Johnson, Leo

Year Inducted / Année Intronisé:

2005

Province / Province:

Manitoba

Category / Catégorie:

Builder, Curler, Curler/Builder

Biography / Biographie:

Leo Johnson was a smartly-dressed cigar-smoking, outgoing man who skipped the 1934 Brier winning team of Lorne Stewart, Linc Johnson and Marno Frederickson finishing 7-0 at the Toronto Granite Club in 1934. He also skipped the Manitoba rink of Harry Weremy, Linc Johnson and Bill McKnight to a three way tie for first with Alberta and Northern Ontario at the end of the round robin losing out to the champions from Alberta in sudden death playoffs. Moreover, had there been a Brier in 1944, Leo Johnson’s rink would have been in it as Manitoba champs (the Brier was cancelled due to World War II).

Johnson was born in Winnipeg and as a young man acquired a reputation as a good baseball player. He started to curl with the Deer Lodge Club in 1919 but joined the Strathcona Club in 1926 and stayed there until he died in 1976. He was an exponent of the knock-out game, and he frequently played heavy weight. However, like every great curler, he could make all the shots. That he could draw with the best if he had to was shown in the 1946 Brier, in the eleventh end of his playoff loss to Alberta, when he kept his team in the game with a draw to the four-foot ring to cut his opponents out of a four-ender.

Johnson could be a showman on the ice. For this reason Jack Matheson, who covered curling for the Winnipeg Tribune for many years after the Second World War, once suggested he was an early version of Matt Baldwin of Alberta. Johnson played confidently, even arrogantly. His delivery featured a lengthy slide with his left arm held unusually high. He irritated some spectators, but was appreciated by both teammates and opponents. They liked him because he had both a bubbly personality and the ability to laugh at himself. (excerpted from Curling Capital: Winnipeg and the Roarin’ Game, 1876 To 1988; by Morris Kenneth Mott, John Allardyce)

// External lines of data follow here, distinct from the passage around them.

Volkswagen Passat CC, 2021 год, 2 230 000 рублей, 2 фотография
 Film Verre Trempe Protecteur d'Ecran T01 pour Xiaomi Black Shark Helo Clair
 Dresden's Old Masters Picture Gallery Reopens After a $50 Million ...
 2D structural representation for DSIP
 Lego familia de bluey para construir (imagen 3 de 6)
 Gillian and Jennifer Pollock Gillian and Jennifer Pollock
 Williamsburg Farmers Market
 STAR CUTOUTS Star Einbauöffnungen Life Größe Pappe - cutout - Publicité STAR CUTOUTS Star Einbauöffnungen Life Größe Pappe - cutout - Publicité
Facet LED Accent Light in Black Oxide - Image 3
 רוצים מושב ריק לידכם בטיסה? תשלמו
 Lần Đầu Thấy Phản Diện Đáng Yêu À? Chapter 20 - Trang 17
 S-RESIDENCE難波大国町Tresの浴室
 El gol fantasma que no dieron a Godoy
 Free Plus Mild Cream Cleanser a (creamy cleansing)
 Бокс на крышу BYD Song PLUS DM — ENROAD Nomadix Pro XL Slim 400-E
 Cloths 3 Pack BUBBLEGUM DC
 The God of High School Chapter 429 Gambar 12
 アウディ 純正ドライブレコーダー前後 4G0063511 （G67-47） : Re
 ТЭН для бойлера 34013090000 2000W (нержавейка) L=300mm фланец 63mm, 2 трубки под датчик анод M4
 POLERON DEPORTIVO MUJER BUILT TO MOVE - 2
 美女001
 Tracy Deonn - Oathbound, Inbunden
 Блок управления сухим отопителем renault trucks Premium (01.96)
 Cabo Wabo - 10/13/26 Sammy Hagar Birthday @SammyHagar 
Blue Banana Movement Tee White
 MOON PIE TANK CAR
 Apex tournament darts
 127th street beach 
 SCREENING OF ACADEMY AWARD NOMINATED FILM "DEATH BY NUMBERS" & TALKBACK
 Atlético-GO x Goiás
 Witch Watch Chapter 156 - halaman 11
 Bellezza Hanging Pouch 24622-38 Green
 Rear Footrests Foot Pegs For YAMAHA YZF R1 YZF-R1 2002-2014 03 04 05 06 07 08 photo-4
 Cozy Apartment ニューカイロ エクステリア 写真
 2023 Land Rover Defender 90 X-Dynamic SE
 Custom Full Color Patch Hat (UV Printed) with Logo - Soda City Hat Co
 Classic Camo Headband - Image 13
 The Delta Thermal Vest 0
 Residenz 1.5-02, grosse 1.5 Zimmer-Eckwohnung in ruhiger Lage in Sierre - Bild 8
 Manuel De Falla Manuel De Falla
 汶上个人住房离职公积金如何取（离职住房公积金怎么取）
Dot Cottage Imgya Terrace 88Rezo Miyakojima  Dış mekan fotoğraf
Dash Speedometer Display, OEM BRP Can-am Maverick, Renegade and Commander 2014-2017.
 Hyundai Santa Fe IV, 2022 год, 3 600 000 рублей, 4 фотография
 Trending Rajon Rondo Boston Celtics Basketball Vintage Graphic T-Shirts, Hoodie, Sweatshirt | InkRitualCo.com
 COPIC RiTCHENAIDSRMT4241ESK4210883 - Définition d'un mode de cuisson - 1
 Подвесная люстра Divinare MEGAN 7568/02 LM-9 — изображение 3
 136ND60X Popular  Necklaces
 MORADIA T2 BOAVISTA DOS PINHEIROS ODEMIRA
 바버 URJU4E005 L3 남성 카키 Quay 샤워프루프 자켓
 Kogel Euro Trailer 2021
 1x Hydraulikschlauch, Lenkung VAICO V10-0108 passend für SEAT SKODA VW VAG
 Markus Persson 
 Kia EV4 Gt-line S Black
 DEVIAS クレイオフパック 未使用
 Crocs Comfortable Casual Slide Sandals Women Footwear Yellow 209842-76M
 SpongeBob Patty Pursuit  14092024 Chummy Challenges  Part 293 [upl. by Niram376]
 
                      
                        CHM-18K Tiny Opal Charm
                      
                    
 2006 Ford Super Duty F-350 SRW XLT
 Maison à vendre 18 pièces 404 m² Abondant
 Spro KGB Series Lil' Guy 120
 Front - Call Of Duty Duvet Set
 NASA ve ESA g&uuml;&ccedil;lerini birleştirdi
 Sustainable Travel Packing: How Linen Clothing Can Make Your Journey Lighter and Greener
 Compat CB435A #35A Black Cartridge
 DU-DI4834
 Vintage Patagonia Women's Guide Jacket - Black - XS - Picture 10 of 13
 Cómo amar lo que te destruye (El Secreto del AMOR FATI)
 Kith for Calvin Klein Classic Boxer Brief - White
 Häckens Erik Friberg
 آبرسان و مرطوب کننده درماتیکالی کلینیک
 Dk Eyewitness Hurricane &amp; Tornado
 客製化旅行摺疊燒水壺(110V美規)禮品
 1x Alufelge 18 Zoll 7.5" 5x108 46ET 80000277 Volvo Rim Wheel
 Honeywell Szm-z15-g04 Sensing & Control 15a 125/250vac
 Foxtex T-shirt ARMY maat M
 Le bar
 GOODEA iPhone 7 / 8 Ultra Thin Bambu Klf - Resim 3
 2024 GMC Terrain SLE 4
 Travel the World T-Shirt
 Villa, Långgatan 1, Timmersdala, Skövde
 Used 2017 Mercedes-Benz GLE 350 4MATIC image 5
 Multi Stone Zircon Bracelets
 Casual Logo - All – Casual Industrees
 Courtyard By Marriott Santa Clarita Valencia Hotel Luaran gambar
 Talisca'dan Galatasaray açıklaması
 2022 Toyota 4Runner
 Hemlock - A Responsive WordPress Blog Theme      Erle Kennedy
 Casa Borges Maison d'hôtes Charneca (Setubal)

In 1965, he won the inaugural Canadian Senior Men’s Curling Championship and remains one of only four men — Jim Ursel, Al Hackner, and Pat Ryan — to have skipped winning teams at both the Brier and Canadian senior men’s titles.

Leo Johnson also put his energies into the Executive areas of curling as past president of the Strathcona CC (1934) and past president of the Manitoba Curling Association in 1963-64.  He is an honorary life member of both organizations. He also served 10 years on the Manitoba Curling Association’s Executive Council.